I finally spent some time with SQLite3. I have a 182M file consisting of 746044 lines of tab-separated values. I wrote some code to load those fields into a SQL table and did some timing tests. Here are some observations when programming bulk data loads:

1. Use explicit commits on a large scale. On my first attempt, I made no attempt to use BEGIN...COMMIT blocks, so SQLite3 used autocommit mode (one transation per statement). This is painfully slow. I let the program run for maybe twenty minutes, killed it with Control-C, and found it had only loaded 5572 rows. After re-writing the program to do twenty thousand inserts inside BEGIN...COMMIT pairs, the program loaded 746044 rows in 94 seconds. What a difference!

2. Use sqlite3_prepare(). Although sqlite3_mprintf() is convenient, compiling the same INSERT 746044 imposed significant overhead. The sqlite3_prepare() version cut the run time from 94 seconds to 58 seconds. The overhead to read the input file and split each line into fields was approximately 10 seconds, so the compiler step added (84-48)/48 = 75% to the run time for simple INSERT commands.

3. Use the natural page size for your architecture! When I switched from SQLite3's default 1K pages to 4K pages on my G4 Powerbook, the times dropped to 76 seconds (21%) for sqlite3_mprintf() and 41 seconds (35%) for sqlite3_prepare().
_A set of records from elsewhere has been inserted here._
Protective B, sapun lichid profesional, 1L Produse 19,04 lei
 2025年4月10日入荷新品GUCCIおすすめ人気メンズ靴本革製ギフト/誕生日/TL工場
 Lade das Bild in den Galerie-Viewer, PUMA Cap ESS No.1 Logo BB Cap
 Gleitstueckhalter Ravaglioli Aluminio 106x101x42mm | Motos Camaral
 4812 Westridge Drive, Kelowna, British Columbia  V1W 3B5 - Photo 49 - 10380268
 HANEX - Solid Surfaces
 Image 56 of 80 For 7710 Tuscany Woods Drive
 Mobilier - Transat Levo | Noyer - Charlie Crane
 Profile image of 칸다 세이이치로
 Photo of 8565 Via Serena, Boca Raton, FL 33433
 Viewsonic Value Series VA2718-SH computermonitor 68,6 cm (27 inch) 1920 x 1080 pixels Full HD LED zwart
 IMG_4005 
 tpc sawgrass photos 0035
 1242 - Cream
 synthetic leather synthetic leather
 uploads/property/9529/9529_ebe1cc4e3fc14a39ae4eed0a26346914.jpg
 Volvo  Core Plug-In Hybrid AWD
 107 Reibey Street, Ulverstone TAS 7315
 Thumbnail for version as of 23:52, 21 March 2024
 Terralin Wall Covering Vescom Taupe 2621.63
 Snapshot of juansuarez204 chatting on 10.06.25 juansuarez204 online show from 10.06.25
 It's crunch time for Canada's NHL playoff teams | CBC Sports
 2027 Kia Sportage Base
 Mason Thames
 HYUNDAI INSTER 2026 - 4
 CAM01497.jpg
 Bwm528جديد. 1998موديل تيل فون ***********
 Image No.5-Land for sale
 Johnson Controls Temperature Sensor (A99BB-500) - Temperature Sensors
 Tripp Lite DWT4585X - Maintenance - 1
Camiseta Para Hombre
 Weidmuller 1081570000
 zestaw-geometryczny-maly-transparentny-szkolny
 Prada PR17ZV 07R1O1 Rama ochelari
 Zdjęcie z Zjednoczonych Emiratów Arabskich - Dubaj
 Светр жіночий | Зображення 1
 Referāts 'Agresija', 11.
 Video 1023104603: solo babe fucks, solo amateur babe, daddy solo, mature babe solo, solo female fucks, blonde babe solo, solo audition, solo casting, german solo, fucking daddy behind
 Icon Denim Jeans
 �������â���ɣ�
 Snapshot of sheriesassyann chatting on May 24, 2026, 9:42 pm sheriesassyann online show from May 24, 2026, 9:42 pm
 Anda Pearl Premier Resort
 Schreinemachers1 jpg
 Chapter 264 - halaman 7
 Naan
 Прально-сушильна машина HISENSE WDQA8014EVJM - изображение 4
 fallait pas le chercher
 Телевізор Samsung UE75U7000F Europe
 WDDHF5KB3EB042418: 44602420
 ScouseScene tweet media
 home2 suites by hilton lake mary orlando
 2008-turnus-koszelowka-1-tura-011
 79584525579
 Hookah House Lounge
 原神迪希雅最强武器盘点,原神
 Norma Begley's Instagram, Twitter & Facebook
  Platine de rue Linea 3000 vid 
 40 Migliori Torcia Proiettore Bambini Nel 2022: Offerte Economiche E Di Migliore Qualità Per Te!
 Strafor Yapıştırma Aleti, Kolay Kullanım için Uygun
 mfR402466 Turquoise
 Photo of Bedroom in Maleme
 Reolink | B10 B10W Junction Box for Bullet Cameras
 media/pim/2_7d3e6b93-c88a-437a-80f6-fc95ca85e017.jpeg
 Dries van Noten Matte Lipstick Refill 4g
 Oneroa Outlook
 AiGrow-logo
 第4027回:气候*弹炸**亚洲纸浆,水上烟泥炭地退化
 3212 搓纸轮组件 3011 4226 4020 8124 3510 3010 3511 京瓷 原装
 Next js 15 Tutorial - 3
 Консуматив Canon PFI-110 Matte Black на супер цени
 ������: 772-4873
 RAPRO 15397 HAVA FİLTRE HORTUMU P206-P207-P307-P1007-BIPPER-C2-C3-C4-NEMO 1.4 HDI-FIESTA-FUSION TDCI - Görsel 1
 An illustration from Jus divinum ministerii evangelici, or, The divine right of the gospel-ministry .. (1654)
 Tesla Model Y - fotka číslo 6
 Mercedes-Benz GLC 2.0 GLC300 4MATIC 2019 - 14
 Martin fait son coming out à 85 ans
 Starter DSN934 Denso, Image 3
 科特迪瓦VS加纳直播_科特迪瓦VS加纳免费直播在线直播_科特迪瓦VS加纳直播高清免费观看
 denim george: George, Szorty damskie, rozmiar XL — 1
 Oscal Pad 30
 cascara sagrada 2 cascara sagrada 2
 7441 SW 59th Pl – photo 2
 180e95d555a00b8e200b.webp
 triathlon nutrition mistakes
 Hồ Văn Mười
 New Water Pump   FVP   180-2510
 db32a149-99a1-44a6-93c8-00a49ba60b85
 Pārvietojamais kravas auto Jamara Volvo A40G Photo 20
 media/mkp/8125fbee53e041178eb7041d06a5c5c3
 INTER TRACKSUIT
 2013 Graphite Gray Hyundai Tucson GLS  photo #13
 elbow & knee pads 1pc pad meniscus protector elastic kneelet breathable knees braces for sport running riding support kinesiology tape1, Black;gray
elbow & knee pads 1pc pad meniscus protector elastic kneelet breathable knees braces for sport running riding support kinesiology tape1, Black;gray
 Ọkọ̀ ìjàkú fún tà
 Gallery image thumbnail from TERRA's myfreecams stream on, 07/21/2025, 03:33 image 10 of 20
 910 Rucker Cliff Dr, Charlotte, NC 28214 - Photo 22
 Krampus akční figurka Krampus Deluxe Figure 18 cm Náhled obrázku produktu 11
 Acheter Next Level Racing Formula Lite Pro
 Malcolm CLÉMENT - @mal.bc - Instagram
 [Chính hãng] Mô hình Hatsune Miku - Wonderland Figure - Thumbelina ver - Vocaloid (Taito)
4. Load data first, then index it. I tried creating two indexes on the table. One index covered a large variable field (83.6MB) and one covered a small fixed-length field (11.2MB). If I created the indexes first and then loaded the data, it took an average of 148 seconds. If I loaded the data, then indexed it, it took 112 seconds (43 seconds load, 50 seconds big index, 19 seconds small index). I guess page locality outweighs I/O delays of later indexing.